—Rocío—imploro al pisar la escalinata—, ¿qué piensas de mí?

Y como me retardo, un momento gírase hacia mí, solemne:

—Déjame el espacio de esta noche para que lo piense y sepa contestarte.

—¡Oh, Rocío, Rocío! ¡Siquiera tu piedad!

Entramos.

Mantenida en la dignidad de sus decoros, lo explica breve á su madre la tardanza.

Al regresar en el tren, ella no desdeña intervenir melancólicamente alguna vez en la charla á que me fuerzo con Leopolda—la cual, aunque su discreción lo calla y la mía procura distraerla, comprende que algo horriblemente ingrato nos sucede.

IV

La espero en el bar, donde la he esperado tantas veces y adonde ya hoy acaso no vendrá. He dormido en la hipnotización de la sonrisa que substituyó anoche á nuestro beso, y mi vida no es más que la melancolía de una sonrisa. Calma extraña, recogida en la triste compasión de la que al menos no me odia.
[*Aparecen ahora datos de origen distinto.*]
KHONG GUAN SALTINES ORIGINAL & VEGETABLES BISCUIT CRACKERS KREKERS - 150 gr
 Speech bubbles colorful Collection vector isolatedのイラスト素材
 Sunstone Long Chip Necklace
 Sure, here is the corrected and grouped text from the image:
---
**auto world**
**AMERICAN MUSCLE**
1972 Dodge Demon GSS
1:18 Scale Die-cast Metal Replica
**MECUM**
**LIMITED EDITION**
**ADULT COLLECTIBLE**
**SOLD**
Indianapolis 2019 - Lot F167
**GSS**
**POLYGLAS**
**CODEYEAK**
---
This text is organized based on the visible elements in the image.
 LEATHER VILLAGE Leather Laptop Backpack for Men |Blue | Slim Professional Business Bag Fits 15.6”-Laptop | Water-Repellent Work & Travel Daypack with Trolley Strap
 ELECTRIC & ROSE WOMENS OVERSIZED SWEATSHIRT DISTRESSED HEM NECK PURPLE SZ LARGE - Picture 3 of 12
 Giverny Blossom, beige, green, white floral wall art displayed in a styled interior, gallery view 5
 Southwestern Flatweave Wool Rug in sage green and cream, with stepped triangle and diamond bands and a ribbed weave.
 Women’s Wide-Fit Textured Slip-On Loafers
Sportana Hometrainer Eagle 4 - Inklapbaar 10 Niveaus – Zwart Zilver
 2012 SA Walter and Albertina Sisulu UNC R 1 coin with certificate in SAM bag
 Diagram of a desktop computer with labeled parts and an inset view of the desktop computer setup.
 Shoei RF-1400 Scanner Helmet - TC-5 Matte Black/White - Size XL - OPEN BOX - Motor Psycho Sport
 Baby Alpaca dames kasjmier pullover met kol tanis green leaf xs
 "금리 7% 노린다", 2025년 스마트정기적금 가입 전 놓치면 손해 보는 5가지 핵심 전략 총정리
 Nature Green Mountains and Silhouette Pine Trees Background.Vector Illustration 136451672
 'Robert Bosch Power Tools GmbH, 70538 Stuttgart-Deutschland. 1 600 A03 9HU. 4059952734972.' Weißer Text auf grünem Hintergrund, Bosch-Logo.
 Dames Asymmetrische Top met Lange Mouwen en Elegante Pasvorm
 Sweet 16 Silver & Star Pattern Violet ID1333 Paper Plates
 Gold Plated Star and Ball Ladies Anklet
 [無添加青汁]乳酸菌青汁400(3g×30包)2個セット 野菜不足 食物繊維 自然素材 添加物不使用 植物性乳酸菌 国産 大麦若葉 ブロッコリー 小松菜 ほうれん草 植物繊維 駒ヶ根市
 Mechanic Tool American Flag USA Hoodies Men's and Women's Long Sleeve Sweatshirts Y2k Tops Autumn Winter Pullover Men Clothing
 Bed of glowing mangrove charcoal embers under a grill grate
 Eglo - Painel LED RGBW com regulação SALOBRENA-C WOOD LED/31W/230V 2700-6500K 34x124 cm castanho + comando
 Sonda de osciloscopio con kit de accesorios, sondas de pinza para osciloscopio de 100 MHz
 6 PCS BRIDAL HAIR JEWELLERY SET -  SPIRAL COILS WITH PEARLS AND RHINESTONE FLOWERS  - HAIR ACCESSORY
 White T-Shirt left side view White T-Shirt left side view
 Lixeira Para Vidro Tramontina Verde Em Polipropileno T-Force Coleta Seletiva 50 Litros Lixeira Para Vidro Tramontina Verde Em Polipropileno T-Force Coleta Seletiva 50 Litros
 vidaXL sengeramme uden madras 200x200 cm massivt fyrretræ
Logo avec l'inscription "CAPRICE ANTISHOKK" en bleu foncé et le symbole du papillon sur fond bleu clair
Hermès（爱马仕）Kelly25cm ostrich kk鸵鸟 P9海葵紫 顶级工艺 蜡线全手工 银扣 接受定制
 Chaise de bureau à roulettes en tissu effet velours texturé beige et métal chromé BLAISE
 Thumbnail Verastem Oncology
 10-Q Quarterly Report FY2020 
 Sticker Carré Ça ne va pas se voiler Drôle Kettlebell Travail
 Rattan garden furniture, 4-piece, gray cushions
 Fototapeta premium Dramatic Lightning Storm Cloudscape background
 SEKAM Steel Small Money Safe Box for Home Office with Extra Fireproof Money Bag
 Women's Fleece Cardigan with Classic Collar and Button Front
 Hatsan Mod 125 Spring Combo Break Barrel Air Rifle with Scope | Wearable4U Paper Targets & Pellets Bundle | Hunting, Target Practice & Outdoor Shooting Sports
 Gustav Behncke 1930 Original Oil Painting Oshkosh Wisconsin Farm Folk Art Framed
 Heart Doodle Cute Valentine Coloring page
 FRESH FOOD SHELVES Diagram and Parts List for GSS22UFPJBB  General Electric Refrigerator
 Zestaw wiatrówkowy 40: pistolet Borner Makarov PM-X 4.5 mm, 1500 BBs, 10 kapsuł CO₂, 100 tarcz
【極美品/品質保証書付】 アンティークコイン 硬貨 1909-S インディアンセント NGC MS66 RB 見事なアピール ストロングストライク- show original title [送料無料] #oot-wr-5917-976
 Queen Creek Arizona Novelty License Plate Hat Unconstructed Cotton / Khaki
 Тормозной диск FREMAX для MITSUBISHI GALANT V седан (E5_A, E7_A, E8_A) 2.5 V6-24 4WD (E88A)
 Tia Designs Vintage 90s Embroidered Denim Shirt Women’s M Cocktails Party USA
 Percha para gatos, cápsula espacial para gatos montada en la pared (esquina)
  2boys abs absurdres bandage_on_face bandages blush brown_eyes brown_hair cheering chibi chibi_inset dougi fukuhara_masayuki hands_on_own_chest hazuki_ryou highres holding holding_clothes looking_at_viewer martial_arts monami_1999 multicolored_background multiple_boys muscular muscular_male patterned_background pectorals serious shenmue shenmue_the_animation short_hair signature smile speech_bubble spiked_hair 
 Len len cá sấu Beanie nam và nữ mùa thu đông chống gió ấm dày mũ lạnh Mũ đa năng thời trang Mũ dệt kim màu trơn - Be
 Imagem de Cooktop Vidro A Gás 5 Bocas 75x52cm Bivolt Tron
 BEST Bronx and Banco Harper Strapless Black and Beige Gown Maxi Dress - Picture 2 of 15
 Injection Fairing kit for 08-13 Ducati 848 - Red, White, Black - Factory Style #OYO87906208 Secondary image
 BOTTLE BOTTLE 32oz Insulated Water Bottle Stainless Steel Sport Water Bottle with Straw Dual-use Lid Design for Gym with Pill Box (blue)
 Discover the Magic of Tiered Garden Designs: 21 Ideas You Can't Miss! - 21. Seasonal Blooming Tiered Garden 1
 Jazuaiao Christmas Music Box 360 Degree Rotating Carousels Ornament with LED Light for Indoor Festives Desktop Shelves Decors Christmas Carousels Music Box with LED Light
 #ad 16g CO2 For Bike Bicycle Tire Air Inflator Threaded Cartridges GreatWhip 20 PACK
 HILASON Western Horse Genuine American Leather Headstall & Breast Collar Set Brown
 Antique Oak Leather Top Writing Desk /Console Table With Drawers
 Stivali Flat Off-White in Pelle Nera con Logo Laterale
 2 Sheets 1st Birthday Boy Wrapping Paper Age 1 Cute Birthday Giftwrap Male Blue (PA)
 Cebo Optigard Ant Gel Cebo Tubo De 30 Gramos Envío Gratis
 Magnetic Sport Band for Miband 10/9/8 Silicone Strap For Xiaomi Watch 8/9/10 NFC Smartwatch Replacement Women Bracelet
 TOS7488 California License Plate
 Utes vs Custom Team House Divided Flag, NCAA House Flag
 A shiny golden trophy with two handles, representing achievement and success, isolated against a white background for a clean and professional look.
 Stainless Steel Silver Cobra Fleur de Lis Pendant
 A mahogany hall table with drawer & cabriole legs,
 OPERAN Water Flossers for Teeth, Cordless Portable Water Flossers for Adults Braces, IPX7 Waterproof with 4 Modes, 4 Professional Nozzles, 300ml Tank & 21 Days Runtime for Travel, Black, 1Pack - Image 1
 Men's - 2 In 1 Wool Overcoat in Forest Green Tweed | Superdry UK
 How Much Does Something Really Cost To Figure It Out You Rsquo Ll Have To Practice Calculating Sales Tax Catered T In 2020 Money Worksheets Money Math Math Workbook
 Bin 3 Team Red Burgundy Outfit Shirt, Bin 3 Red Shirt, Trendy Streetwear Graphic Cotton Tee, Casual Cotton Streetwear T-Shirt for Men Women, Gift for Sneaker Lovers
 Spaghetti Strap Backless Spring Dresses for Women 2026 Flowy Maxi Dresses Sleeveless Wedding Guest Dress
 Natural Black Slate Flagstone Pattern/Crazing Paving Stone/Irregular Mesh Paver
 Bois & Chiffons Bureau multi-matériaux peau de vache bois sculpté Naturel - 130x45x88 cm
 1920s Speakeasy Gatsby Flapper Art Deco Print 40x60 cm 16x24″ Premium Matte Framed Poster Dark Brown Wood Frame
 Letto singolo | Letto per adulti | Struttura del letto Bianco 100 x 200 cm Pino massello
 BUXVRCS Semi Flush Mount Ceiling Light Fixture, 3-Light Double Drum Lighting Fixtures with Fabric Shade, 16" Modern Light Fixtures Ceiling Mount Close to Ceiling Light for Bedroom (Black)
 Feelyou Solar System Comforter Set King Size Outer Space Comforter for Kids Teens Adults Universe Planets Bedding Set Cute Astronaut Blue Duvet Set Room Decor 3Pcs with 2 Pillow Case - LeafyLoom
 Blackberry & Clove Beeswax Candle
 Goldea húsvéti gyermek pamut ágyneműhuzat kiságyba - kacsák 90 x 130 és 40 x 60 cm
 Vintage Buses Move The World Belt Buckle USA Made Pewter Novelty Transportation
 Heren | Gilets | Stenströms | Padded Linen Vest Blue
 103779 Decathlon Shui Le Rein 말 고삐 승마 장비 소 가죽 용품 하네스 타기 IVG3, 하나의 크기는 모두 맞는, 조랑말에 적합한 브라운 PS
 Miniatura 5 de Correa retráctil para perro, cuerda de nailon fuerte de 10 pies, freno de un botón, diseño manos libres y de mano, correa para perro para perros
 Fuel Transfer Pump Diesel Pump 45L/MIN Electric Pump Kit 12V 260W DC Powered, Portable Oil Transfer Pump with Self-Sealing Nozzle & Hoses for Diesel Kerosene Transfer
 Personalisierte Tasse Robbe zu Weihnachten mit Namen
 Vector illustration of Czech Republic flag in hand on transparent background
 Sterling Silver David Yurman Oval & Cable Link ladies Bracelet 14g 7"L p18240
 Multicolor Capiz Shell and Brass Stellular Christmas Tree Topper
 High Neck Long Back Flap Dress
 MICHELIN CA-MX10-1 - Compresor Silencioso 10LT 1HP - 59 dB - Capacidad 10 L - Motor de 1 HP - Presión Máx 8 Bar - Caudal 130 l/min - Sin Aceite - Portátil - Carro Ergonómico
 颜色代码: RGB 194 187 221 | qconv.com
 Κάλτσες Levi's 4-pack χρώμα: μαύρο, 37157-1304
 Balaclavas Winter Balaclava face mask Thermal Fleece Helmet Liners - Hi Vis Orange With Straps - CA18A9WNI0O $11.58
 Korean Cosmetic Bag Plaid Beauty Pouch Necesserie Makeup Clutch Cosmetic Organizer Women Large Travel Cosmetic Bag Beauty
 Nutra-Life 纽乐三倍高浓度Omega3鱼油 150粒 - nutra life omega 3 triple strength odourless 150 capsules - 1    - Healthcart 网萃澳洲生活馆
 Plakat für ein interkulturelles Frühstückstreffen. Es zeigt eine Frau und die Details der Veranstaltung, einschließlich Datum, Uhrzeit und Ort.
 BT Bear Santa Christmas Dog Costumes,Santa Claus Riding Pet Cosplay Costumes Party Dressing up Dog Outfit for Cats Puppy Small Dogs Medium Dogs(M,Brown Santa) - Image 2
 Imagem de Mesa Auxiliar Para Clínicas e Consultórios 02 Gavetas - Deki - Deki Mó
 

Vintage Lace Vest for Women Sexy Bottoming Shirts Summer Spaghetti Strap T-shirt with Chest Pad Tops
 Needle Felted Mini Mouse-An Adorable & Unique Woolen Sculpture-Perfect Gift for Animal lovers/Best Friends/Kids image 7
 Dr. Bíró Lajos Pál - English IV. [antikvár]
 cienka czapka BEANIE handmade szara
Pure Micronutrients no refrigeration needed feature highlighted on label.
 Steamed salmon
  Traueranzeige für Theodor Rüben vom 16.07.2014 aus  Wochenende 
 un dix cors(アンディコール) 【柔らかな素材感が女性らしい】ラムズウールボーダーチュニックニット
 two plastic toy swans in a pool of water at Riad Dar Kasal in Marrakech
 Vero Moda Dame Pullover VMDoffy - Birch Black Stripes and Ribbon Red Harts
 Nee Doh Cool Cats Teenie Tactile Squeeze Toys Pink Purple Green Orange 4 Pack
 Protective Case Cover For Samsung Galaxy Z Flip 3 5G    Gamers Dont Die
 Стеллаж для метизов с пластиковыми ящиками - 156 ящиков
El sol tiende por la galería la alfombra de colores con que lo tiñen los cristales. Se halla no lejos la viajera llegada anteayer. La inmóvil, la aislada, la muda de extraña belleza monstruosa. Vestida de blanco, y muy blanca su cara y sus manos exangües, recúbrese de alhajas y tiene el pelo negro y unos ojos inmensos que miran con fijeza sepulcral. Es jorobada y paralítica, esquelética; dos viejas sirvientes condúcenla al sillón, retirándose detrás á sentarse, y ella ha contemplado en las dos pasadas mañanas, con sus ojos inmensos y hermosísimos, la pareja de triunfo que formábamos Rocío y yo ante el sarcasmo de su vida.